The following theorem holds.

Theorem 1

The recursion coefficients for the polynomials orthogonal with respect to the functional $${\mathscr {I}}$$ are related to the recursion coefficients for the Jacobi polynomials as follows

\begin{aligned} \begin{aligned} {\tilde{\alpha }}_j&={\alpha }_j, \qquad&j=0,\,\dots ,\,n, \\ {\tilde{\beta }}_j&={\beta }_j, \qquad&j=0,\,\dots ,\,n-1, \\ {\tilde{\beta }}_n&=2{\beta }_n. \end{aligned} \end{aligned}

Proof

The theorem was proved by Laurie in [18]. For its relevance, we report here the scheme of the proof.

The fact that $${\tilde{\alpha }}_0=\alpha _0$$ and $${\tilde{\beta }}_0=\beta _0$$ is trivial. Then, the recurrence relations for the two families of orthogonal polynomials implies that $${\tilde{p}}_1=p_1$$. Let us proceed by induction.

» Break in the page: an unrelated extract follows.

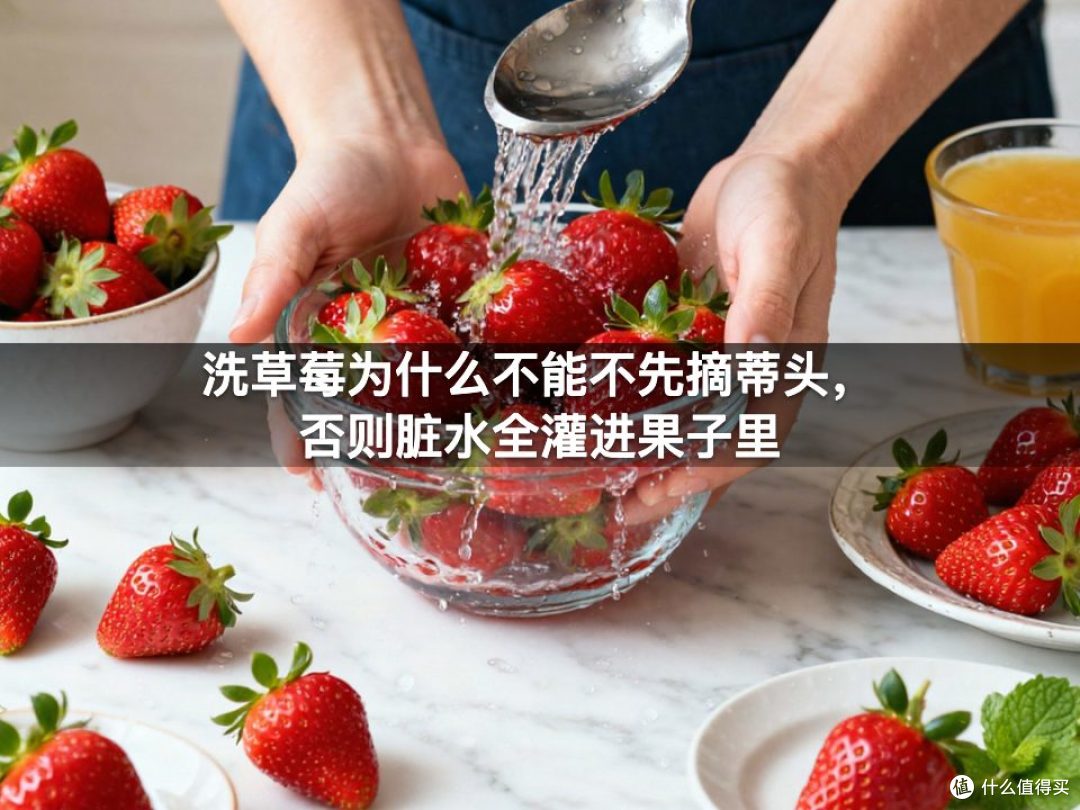 洗草莓为什么不能不先摘蒂头，否则脏水全灌进果子里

Let $${\tilde{p}}_j=p_j$$ for any $$1\le j \le n-1$$. Taking into account (9), (11), and (20), we have

\begin{aligned} \begin{aligned} {\tilde{\alpha }}_j&= \frac{{\mathscr {I}}(x{\tilde{p}}^2_j)}{{\mathscr {I}}({\tilde{p}}^2_j)} = \frac{{\mathscr {I}}(x{p}^2_j)}{{\mathscr {I}}({p}^2_j)}= \frac{{I}(x{p}^2_j)}{{I}({p}^2_j)} = \alpha _j, \\ {\tilde{\beta }}_j&= \frac{{\mathscr {I}}({\tilde{p}}^2_j)}{{\mathscr {I}}({\tilde{p}}^2_{j-1})} =\frac{{\mathscr {I}}({p}^2_j)}{{\mathscr {I}}({p}^2_{j-1})}= \frac{{I}({p}^2_j)}{{I}({p}^2_{j-1})} = \beta _j, \end{aligned} \end{aligned}

so that $${\tilde{p}}_{j+1}=p_{j+1}$$. In particular, $${\tilde{p}}_n=p_n$$. To conclude the proof, by applying (21) and again (9), (11), and (20), we obtain

\begin{aligned} \begin{aligned} {\tilde{\alpha }}_n&=\frac{{\mathscr {I}}(x{\tilde{p}}^2_n)}{{\mathscr {I}}({\tilde{p}}^2_n)}= \frac{{\mathscr {I}}(x {p}^2_n)}{{\mathscr {I}}( {p}^2_n)}=\frac{{2I}(x {p}^2_n)}{{2I}( {p}^2_n)}= \alpha _n, \\ {\tilde{\beta }}_n&=\frac{{\mathscr {I}}({\tilde{p}}^2_n)}{{\mathscr {I}}({\tilde{p}}^2_{n-1})} =\frac{{\mathscr {I}}({p}^2_n)}{{\mathscr {I}}({p}^2_{n-1})}=\frac{{2I}({p}^2_n)}{{I}({p}^2_{n-1})}= 2\beta _n. \end{aligned} \end{aligned}

$$\square$$

The previous theorem implies that the sequence of polynomials $$\{{\tilde{p}}_j\}_{j=0}^{n+1}$$ is defined by

\begin{aligned} {\left\{ \begin{array}{ll} {\tilde{p}}_j(x)=p_j(x), \qquad j=0,1,\ldots ,n, \\ {\tilde{p}}_{n+1}(x)=(x-\alpha _n)p_{n}(x)-2 \beta _n p_{n-1}(x) =p_{n+1}(x)- \beta _n p_{n-1}(x). \end{array}\right. } \end{aligned}
(22)

Since the polynomials $$\{{\tilde{p}}_j\}_{j=0}^{n+1}$$ satisfy a recurrence relation, the nodes $${\tilde{x}}_j$$ and the weights $${\tilde{\lambda }}_j$$ of the associated anti-Gauss quadrature formula can be computed by solving the eigenvalue problem for the modified Jacobi matrix of order $$n+1$$

\begin{aligned} {\widetilde{J}}_{n+1}= \begin{bmatrix} J_n &{} \sqrt{2 \beta _n}\mathbf {e}_n \\ \sqrt{2 \beta _n} \mathbf {e}^T_n &{} \alpha _n \\ \end{bmatrix}, \end{aligned}

with $$\mathbf {e}_n=(0,0,\dots ,1)^T \in {\mathbb {R}}^n$$. In fact, the $$n+1$$ nodes are the eigenvalues of the above matrix and the weights are determined as

\begin{aligned} {\tilde{\lambda }}_j=\beta _0 \, {\tilde{v}}^2_{j,1}, \end{aligned}

where $$\beta _0$$ is defined by (7) and $${\tilde{v}}_{j,1}$$ is the first component of the eigenvector associated to the eigenvalue $${\tilde{x}}_j$$.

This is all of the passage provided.